• What is expected
Give back exactly the line that contains "Lot 30-4930 - ABB Kent-Taylor Flow Meter" and all the lines after it in the records below, to the very last, with no other output.

• Record extracts
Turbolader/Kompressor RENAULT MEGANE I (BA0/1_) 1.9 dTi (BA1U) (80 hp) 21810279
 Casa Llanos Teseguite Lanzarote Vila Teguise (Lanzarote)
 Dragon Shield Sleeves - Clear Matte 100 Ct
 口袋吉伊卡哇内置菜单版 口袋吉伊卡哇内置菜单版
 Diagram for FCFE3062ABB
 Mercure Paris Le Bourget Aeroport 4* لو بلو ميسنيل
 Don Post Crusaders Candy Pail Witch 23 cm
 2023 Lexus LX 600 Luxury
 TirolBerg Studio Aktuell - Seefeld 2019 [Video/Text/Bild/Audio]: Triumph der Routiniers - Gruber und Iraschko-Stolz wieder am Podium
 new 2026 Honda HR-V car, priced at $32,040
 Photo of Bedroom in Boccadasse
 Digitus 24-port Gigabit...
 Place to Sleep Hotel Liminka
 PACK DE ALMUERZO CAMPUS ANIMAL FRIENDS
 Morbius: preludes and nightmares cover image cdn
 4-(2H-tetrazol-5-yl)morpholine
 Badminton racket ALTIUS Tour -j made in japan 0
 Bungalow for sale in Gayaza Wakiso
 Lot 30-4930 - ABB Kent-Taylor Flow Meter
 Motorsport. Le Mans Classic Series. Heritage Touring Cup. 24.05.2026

• Solution to this problem
 Lot 30-4930 - ABB Kent-Taylor Flow Meter
 Motorsport. Le Mans Classic Series. Heritage Touring Cup. 24.05.2026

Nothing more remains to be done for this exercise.